DeBRULER, GIVAN and SULLIVAN, JJ., concur.

*87 SHEPARD, C.J., concurs and dissents with separate opinion.

SHEPARD, Chief Justice, concurring and dissenting.

This case now goes the other way in the wake of the departure of Justice Jon Krahulik, who wrote the Court's opinion. In part, I agree with the point the new majority is making. Whether an injury to property is "sudden and major" under the act does seem susceptible to resolution on summary judgment sometimes and sometimes not, depending on the facts before the court. Op. at 85. This seems like sound and traditional summary judgment law.

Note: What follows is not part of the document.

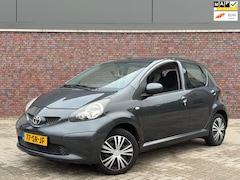 Toyota Aygo - 1.0-12V + | Nieuwe APK | El. Ramen | 5-drs | NAP | Nieuwe koppeling | Onderhoudsboekje aan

I diverge with the majority where it declares that the facts support the inference that the damage to the Reed's property which evolved over some five years was "sudden." For the reasons outlined in Justice Krahulik's opinion, I would remain faithful to the legislature's 1983 amendments and hold otherwise.

NOTES

[1] For a plaintiff to recover under our strict liability statute, the plaintiff must suffer "physical harm," Ind. Code § 33-1-1.5-3, which is defined in a 1983 amendment to the statute as follows:

"Physical harm" means bodily injury, death, loss of services, and rights arising from any such injuries, as well as sudden, major damage to property. The term does not include gradually evolving damage to property or economic losses from such damage.

Ind. Code § 33-1-1.5-2.

[2] The relative role of judge and jury in such situations is well described by Justice Scalia:

[W]hen an appellate judge comes up with nothing better than a totality of the circumstances test to explain his decision, he is not so much pronouncing the law in the normal sense as engaging in the less exalted function of fact-finding. That is certainly how we describe the function of applying the most venerable totality of the circumstances test of them all — the "reasonable man" standard for determining negligence in the law of torts. At the margins, of course, that determination, like every other determination of pure fact or mixed fact and law, can become an issue of law — if, for example, there is no evidence on which any jury can reasonably find negligence. And even short of that extreme, the courts have introduced some elements of law into the determination — the rule, for example, that disregard of some statutorily prescribed safeguard is negligence per se, or the opposite rule that compliance with all the requirements of certain statutes precludes a finding of negligence. But when all those legal rules have been exhausted and have yielded no answer, we call what remains to be decided a question of fact — which means not only that it is meant for the jury rather than the judge, but also that there is no single "right" answer. It could go either way. Only, as I say, at the margins can an appellate judge say that this determination must come out the other way as a matter of law.

.....

My point here ... is not that we should undertake a massive recategorization, and leave a lot more of these questions to juries, but simply that we should recognize that, at the point where an appellate judge says that the remaining issue must be decided on the basis of the totality of the circumstances, or by balancing all the facts involved, he begins to resemble a finder of fact more than a determiner of law.

Antonin Scalia, The Rule of Law as a Law of Rules, 56 U.Chi.L.Rev. 1175, 1180-82 (1989) (footnotes omitted).